THE THREAD IS NOT AIMED AT PEOPLE WHO HAD NO TROUBLE MEMORIZING F/STOPS, IT IS AIMED AT PEOPLE WHO DO HAVE TROUBLE.  Just because you had no trouble doesn't mean others didn't/don't.


----------



## Braineack (May 20, 2015)

everyone should tie their shoes like this:


----------



## Dave442 (May 20, 2015)

My first lenses stopped down as the aperture ring on the lens was closed, that made it much easier to associate what was happening as one changed the aperture. That camera also came with a little Gossen Pilot handheld light meter so it was easy to see the shutter speed and f/stop relation and play with that without having to take a picture.
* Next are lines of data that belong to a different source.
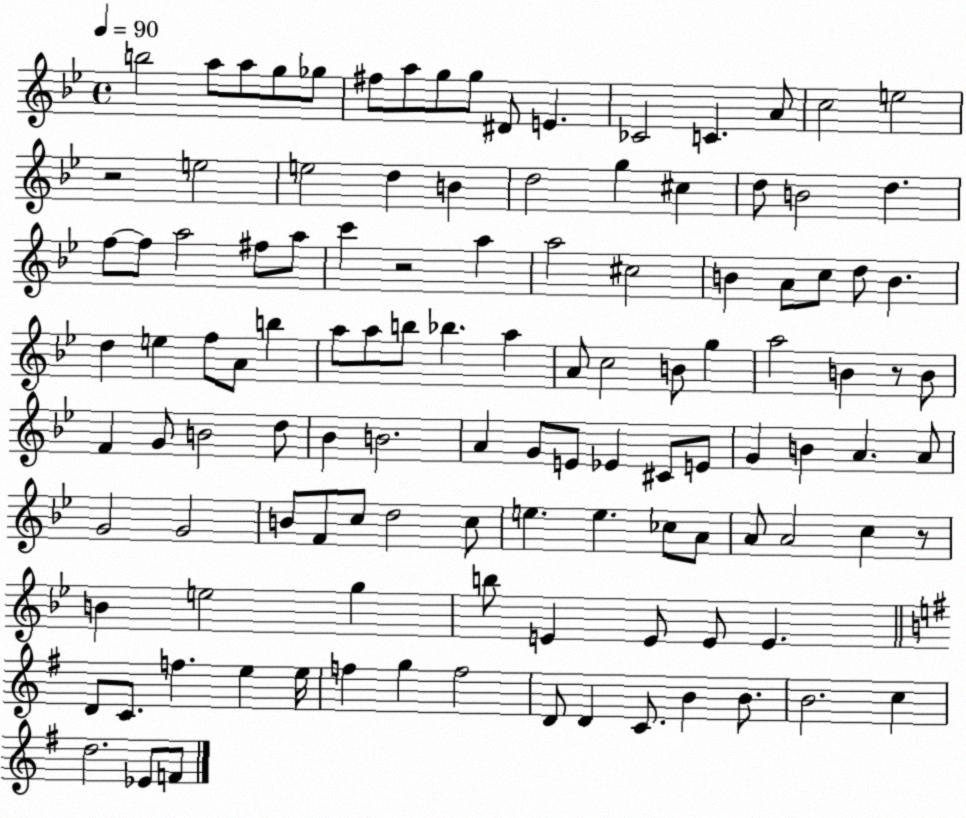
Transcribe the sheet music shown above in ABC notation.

X:1
T:Untitled
M:4/4
L:1/4
K:Bb
b2 a/2 a/2 g/2 _g/2 ^f/2 a/2 g/2 g/2 ^D/2 E _C2 C A/2 c2 e2 z2 e2 e2 d B d2 g ^c d/2 B2 d f/2 f/2 a2 ^f/2 a/2 c' z2 a a2 ^c2 B A/2 c/2 d/2 B d e f/2 A/2 b a/2 a/2 b/2 _b a A/2 c2 B/2 g a2 B z/2 B/2 F G/2 B2 d/2 _B B2 A G/2 E/2 _E ^C/2 E/2 G B A A/2 G2 G2 B/2 F/2 c/2 d2 c/2 e e _c/2 A/2 A/2 A2 c z/2 B e2 g b/2 E E/2 E/2 E D/2 C/2 f e e/4 f g f2 D/2 D C/2 B B/2 B2 c d2 _E/2 F/2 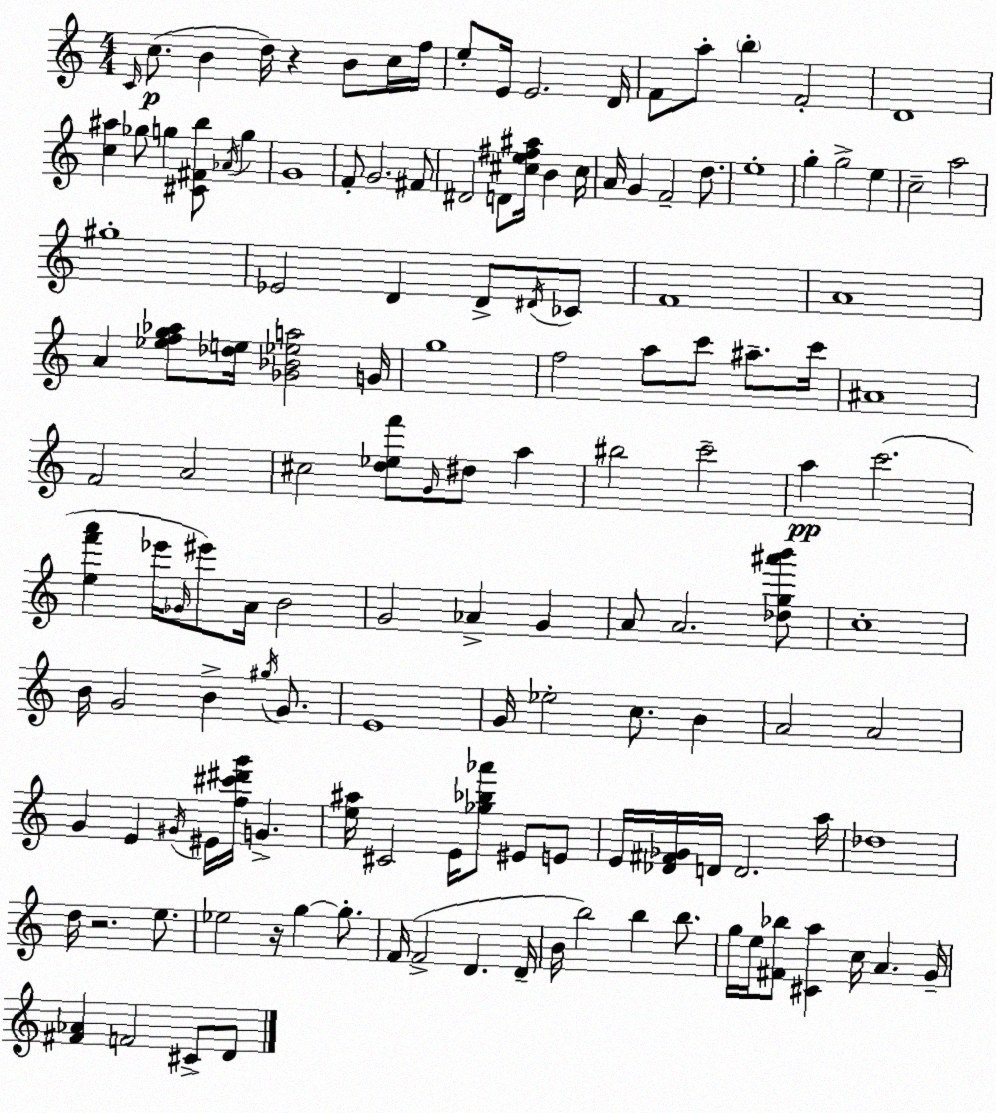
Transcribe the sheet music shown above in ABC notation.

Then my SLR had a depth of field preview button so I could not only see the aperture blades close down, but also the effect on how much was in focus. As that SLR did not have the aperture numbers in the viewfinder it was obvious a simple approach was to memorize the f-numbers on the lens so with each click you knew your f/stop without looking.

These days it's hard to actually see the relation between the f/stop and shutter speed right on the camera. One option is to put it in P mode and cycle through the numbers, and use the depth of field preview if available.


----------



## bribrius (May 20, 2015)

meh.... educating guessing. Depends on lens.  When i change fstops does the iso change to the same equivilent or light change to that actual equivilent. NO. Change your fstop and watch your light meter or iso. This isn't a exact science.


----------



## pjaye (May 20, 2015)

I don't understand by some people have to be such dick heads just because someone posts something that doesn't apply to them. It's really quite pathetic and is a huge reason why people have stopped coming here.  Seriously, if it doesn't apply to you, move on. This is the beginners forum and as such is aimed at beginners.  

New people don't want to post at the risk of getting ridiculed like what happened on here.  The op said MANY times that this was directed to beginners. Some of you need to work on your reading comprehension and your manners.


----------



## bribrius (May 20, 2015)

big tpf hugs all around. lol

My only point was, while this will help in a "approximate" i wouldn't read it like the bible.
At some point like sunny 16 you have to come to the terms of knowing your camera and lens and admitting you are "winging it"


----------



## table1349 (May 20, 2015)

Here is an idea, not a new idea, just an idea.

Download.........Print........Put in Camera Bag for Reference. 






Nothing left to see here folks.  Move along, move along.


----------



## pjaye (May 20, 2015)

bribrius said:


> big tpf hugs all around. lol
> 
> My only point was, while this will help in a "approximate" i wouldn't read it like the bible.
> At some point like sunny 16 you have to come to the terms of knowing your camera and lens and admitting you are "winging it"



I'm trying to find d the part of the original post where it says that his way is the only way, and should be read like the bible.  Can't seem to find  that part.  Can you point it out to me please?

All I see is someone new posting one of their tips that might just help another new photographer. But it seems new people aren't allowed to do that.


----------



## Alexr25 (May 20, 2015)

Solarflare said:


> fjrabon said:
> 
> 
> > I don't calculate out that f/16 is 3 stops difference from f/8. I just know it. But at one point I did have to use the trick to get there instead of it being purely memorized.
> ...


You're on the right track but not quite there, the real  EV system is somewhat simpler. See Photographic Science Exposure  for a good description of how the EV system really works.


----------



## limr (May 20, 2015)

Alexr25 said:


> Solarflare said:
> 
> 
> > fjrabon said:
> ...



Meh. This is better. Skip to the end for the charts that can be printed and carried around. Done.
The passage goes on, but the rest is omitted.